_TASK DESCRIPTION_
What must be written out is each line from the one holding "Le Grau-du-Roi (30240)" through the end of the records, word for word, minus any pictures.
START THE INPUT
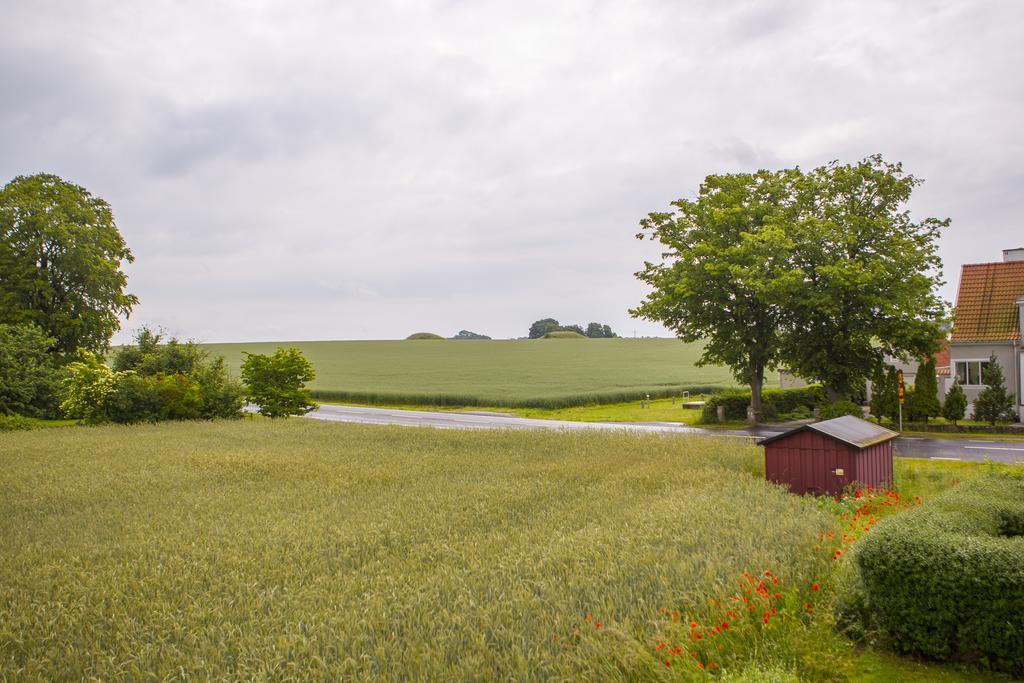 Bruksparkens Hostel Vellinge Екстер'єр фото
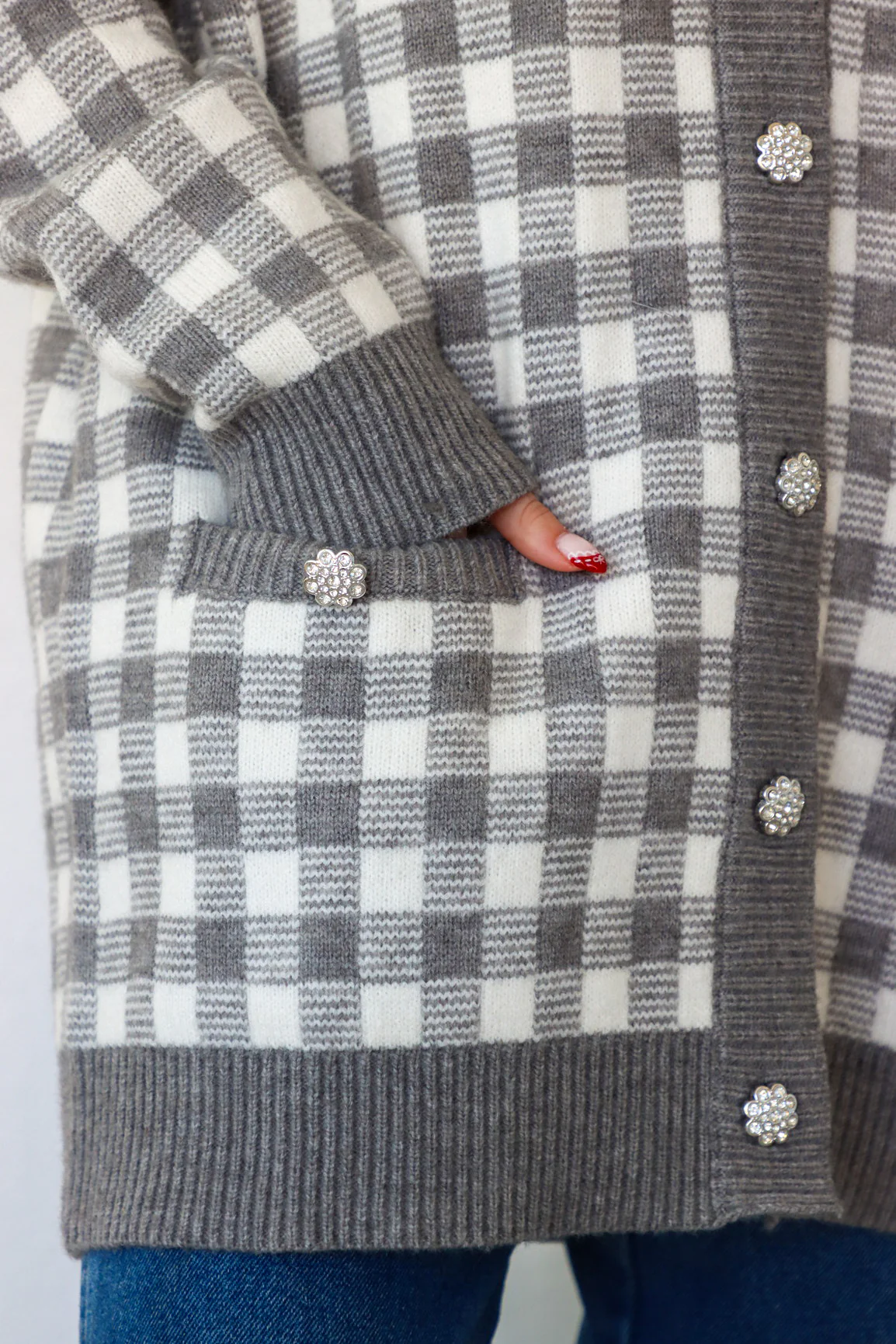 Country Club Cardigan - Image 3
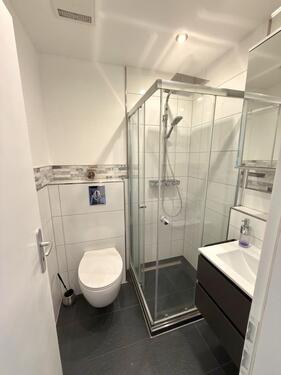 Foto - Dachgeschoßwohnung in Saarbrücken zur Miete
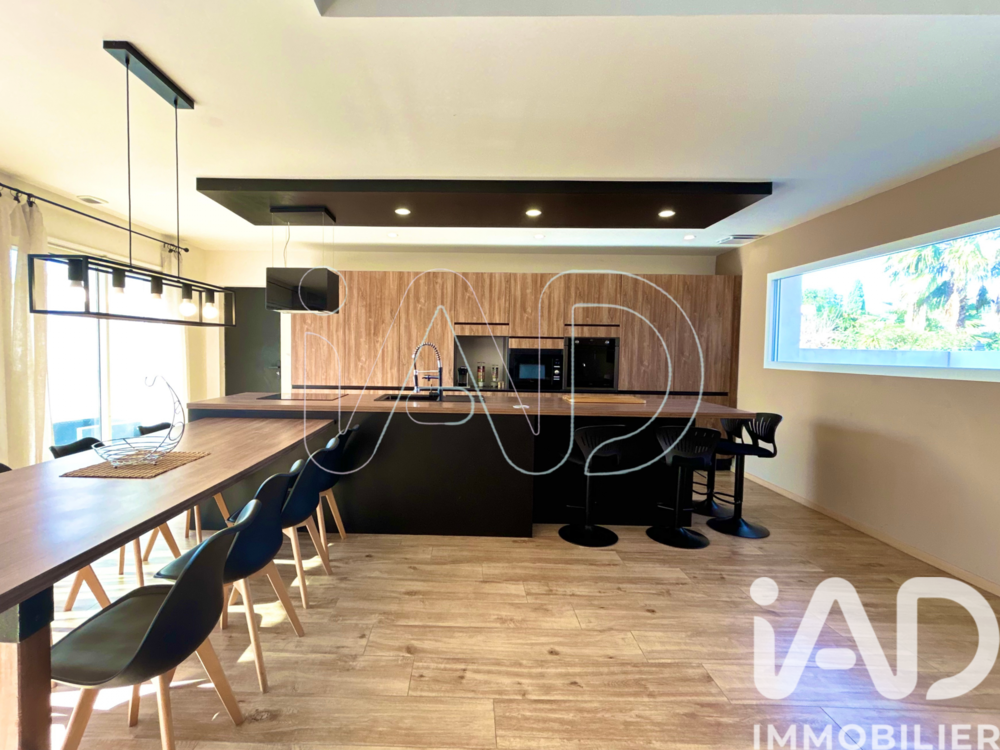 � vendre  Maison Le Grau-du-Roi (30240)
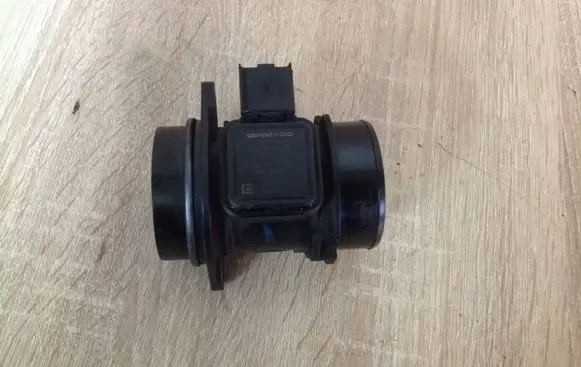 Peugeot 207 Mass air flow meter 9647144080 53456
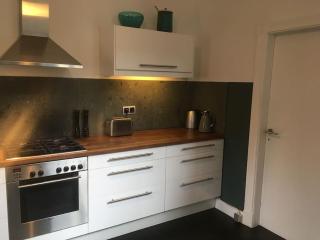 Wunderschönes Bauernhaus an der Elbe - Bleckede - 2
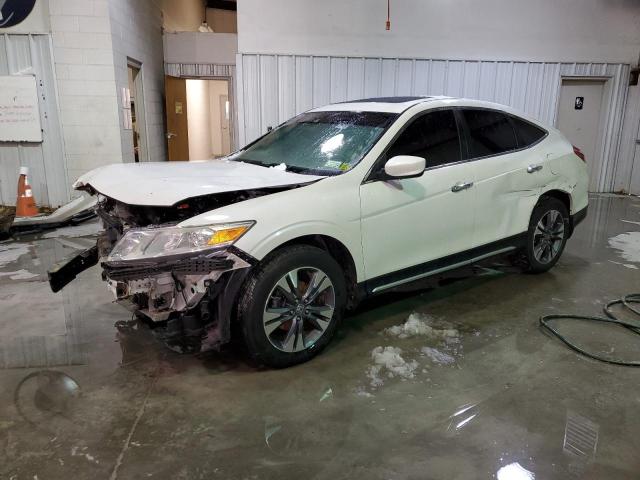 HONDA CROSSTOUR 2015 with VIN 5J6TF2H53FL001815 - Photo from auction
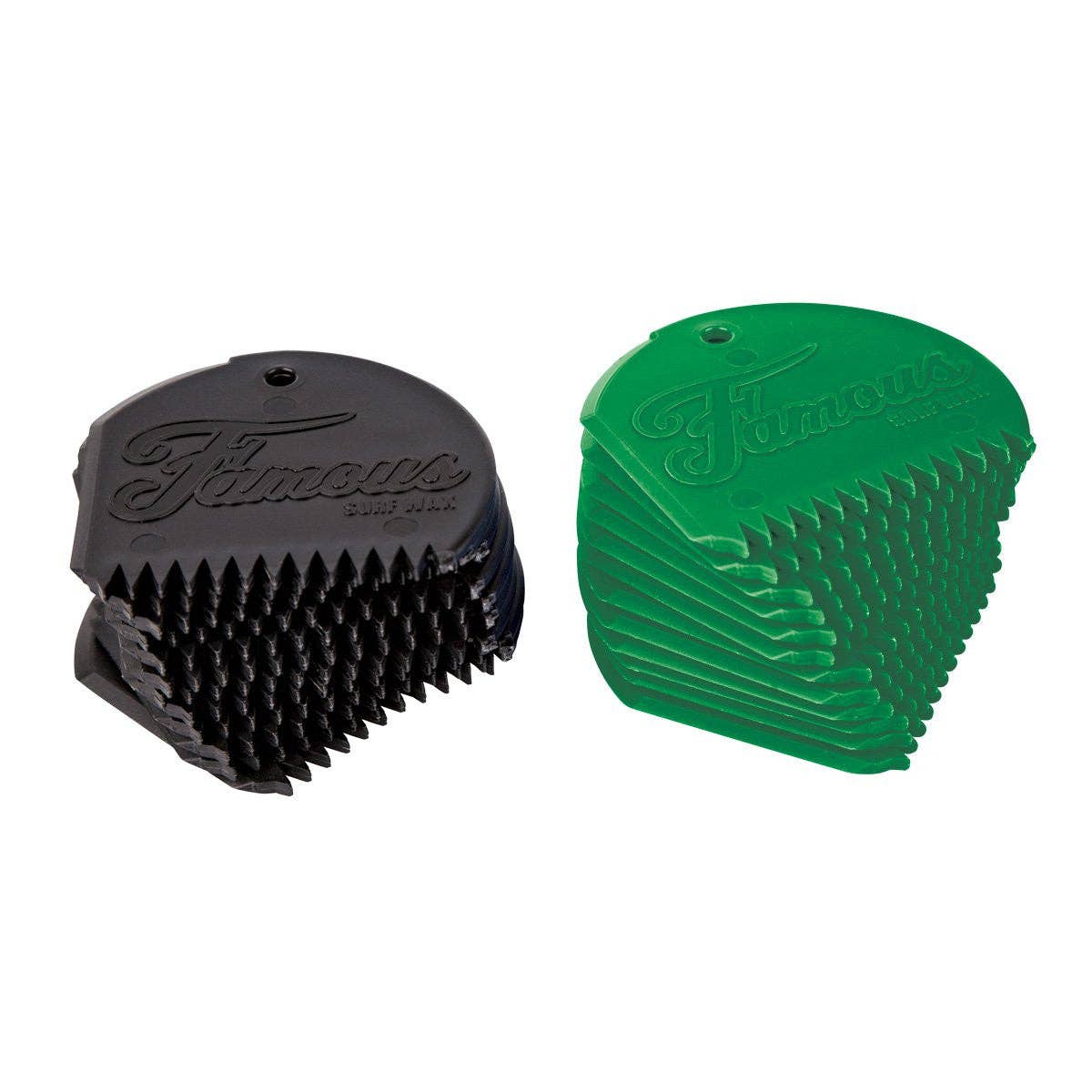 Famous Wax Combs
END THE INPUT
_EXERCISE RESPONSE_
 � vendre  Maison Le Grau-du-Roi (30240)
 Peugeot 207 Mass air flow meter 9647144080 53456
 Wunderschönes Bauernhaus an der Elbe - Bleckede - 2
 HONDA CROSSTOUR 2015 with VIN 5J6TF2H53FL001815 - Photo from auction
 Famous Wax Combs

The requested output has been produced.